After graduating from Taipei Municipal Chien Kuo High School in 1966, Chen attended medical school at National Taiwan University, where he earned a Doctor of Medicine (M.D.) in 1966. He then earned his Ph.D. in human genetics from Columbia University in 1978. His doctoral dissertation was titled, "Studies on human tissue-restricted cell products: The effect of chromosome dosage on gene expression".

== Academic career ==
Chen is a distinguished research fellow at Academia Sinica, where he was the director of the Institute of Biomedical Sciences from 2001 to 2010. He is also a professor of pediatrics at Duke University, where he has taught since 1993. Chen was a 2019 awardee of Taiwan's Presidential Science Award, as were Yuan-Pern Lee and Wei Fu-chan.

==Research==
Chen's scientific achievements include drug development of recombinant enzyme replacement therapy for Pompe disease, an enzyme-deficiency disorder that causes muscle damage, cardiorespiratory failure and in its severe infantile form, death by 2 years of age. The drug, eventually named "Myozyme", was further developed by Genzyme and received the regulatory marketing approval in Europe and USA in 2006. The story of a father searching for a treatment for his two children with Pompe disease and the development of this rug has been adapted to a film entitled Extraordinary Measures featured Harrison Ford and Brendan Fraser. Chen's research into the disease helped Taiwan develop screening for newborns with Pompe disease, the first nation in the world to offer such medical testing.

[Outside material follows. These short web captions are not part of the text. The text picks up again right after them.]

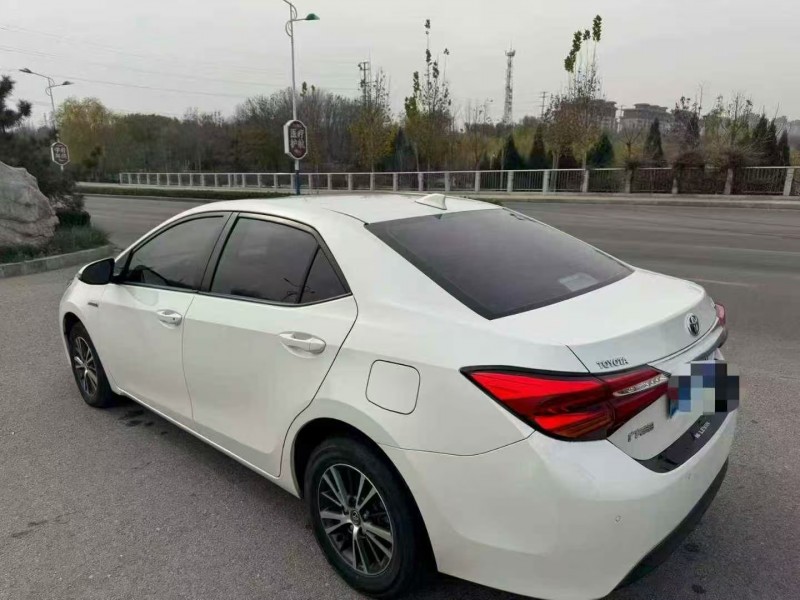 济南16年丰田雷凌4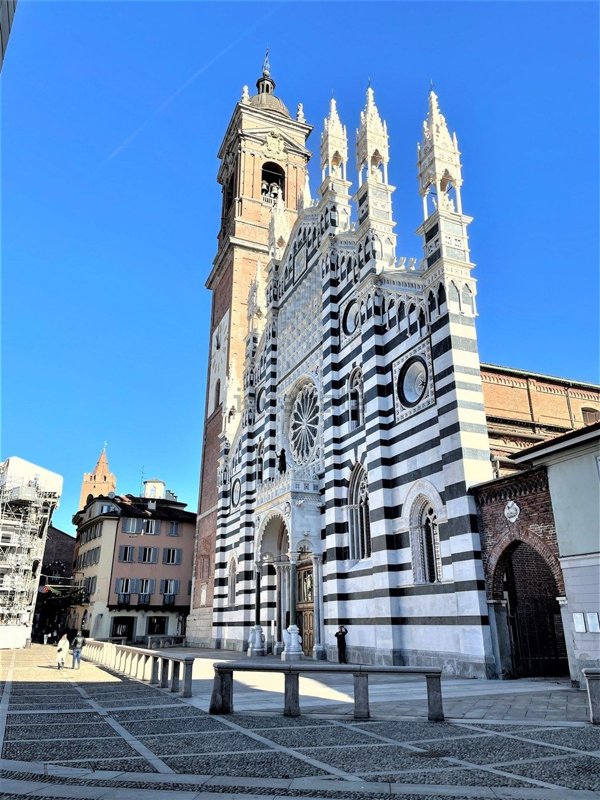 negozio in affitto a Monza in zona Centro Storico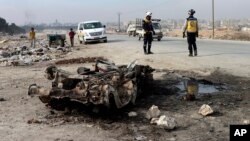 Pazartesi günü Suriye'nin kuzeyindeki Menbiç'te bomba yüklü bir araçla düzenlenen saldırıda en az 15 kişi öldü. 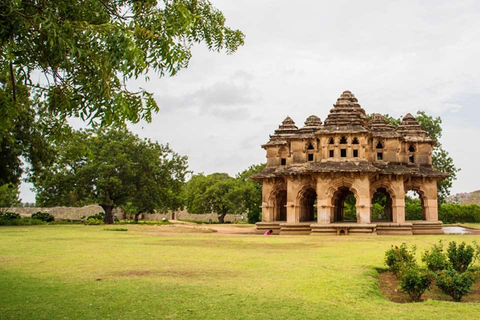 Esplorazione dell'India meridionale: dal Karnataka a Goa con hotel a 3 stelleEsplora il sud dell'India: dal Karnataka a Goa con hotel a 3 stelle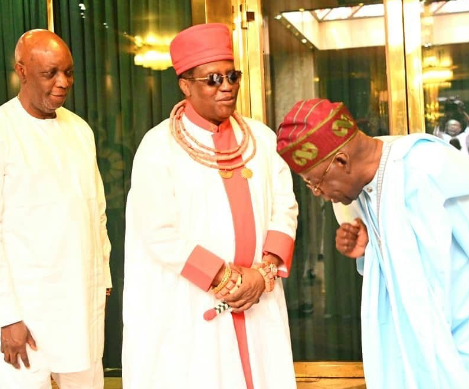 RENO OMOKRI SHADES A CERTAIN MONARCH FROM THE SOUTH AS HE APPLAUDS PRESIDENT TINUBU FOR PROPERLY GREETING THE OBA OF BENIN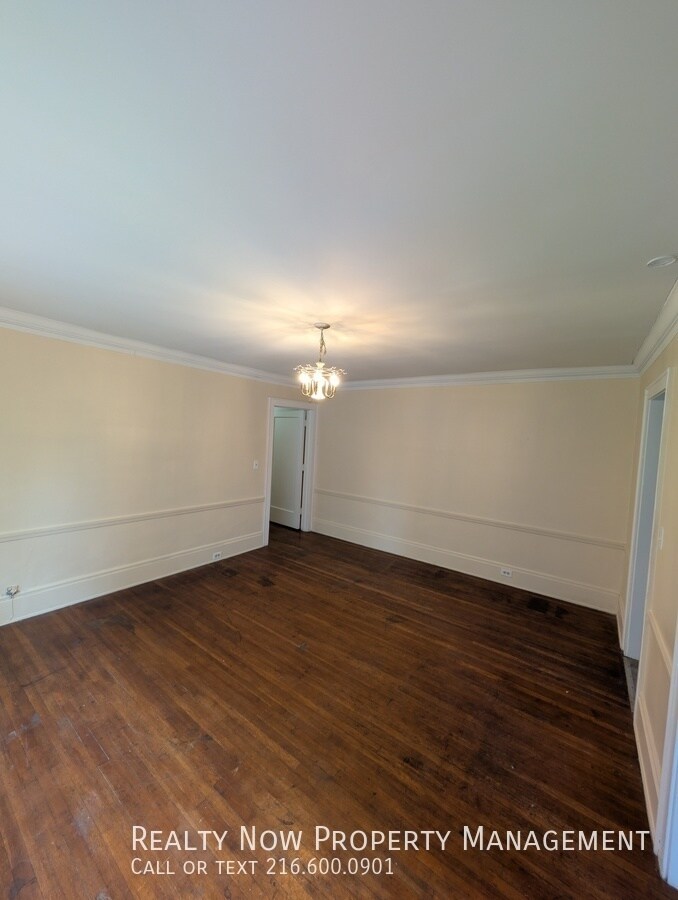 Building Photo - 2453 Overlook Rd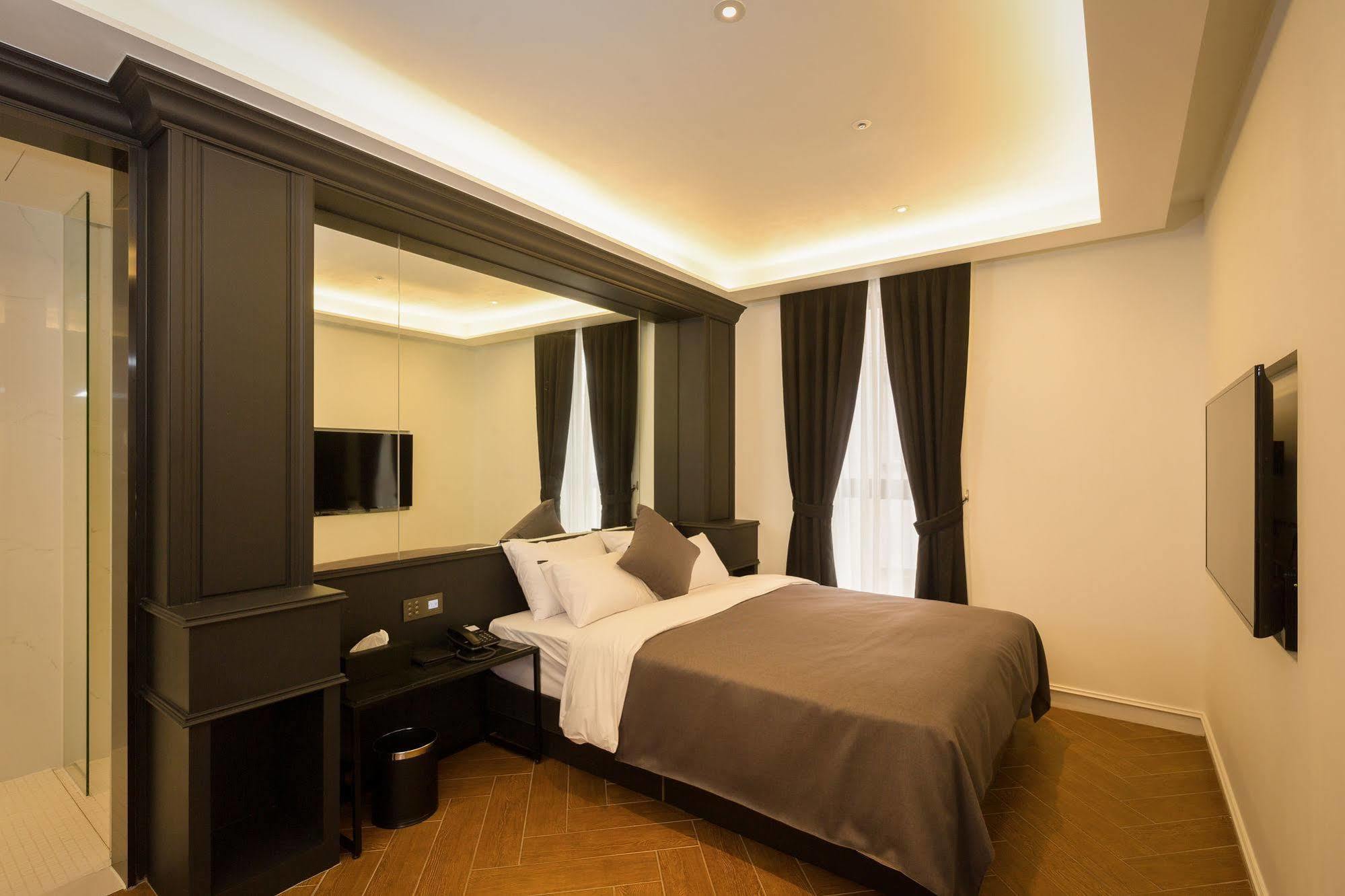 Trang Blue Hotel Seoel Buitenkant foto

Later, Chen's research focus extends to the pharmacogenetics of adverse drug reactions and drug efficacy. His team identified VKORC1 gene variants to play a major role in determining the warfarin dosage, a widely prescribed anticoagulant. They teamed with International Warfarin Consortium to formulate a universal algorithm that can better predict an optimal dosage for each patient. His team also discovered genetic links to the incidence of type 2 diabetes, the strong association of the gene HLA-B*15:02 with carbamazepine, a drug used to treat epilepsy, and that of the gene HLA-B*58:01 with allopurinol, a widely prescribed drug for gout, to induce Stevens–Johnson syndrome (SJS) and toxic epidermal necrolysis (TEN). These pharmacogenetic researches have prompted the FDA to relabel the two commonly prescribed drugs, carbamazepine and warfarin, with genetic information and to recommend genetic screening before prescribing the medication, and paved the road for personalized and precision medicine.

==Personal life==
Chen was questioned as part of a 2010 investigation into corruption. Prosecutors claimed that Chen and his wife held executive positions at the biomedical company Phamigene. The case closed without an indictment of Chen. Subsequently, the government of Taiwan discussed amendments to the Act Governing the Employment of Educational Personnel, so that full-time researchers and university teachers could establish private enterprises or serve as company presidents. Eventually, amendments to the Fundamental Act of Science and Technology were passed so that public sector researchers could take some positions at private companies.

==Chen Award==
In partnership with his wife, Alice Der-Shan Chen, who together started the Chen Foundation, they and the Human Genome Organisation annually present the Chen Award to those with research accomplishments in human genetics and genomics in Asia Pacific.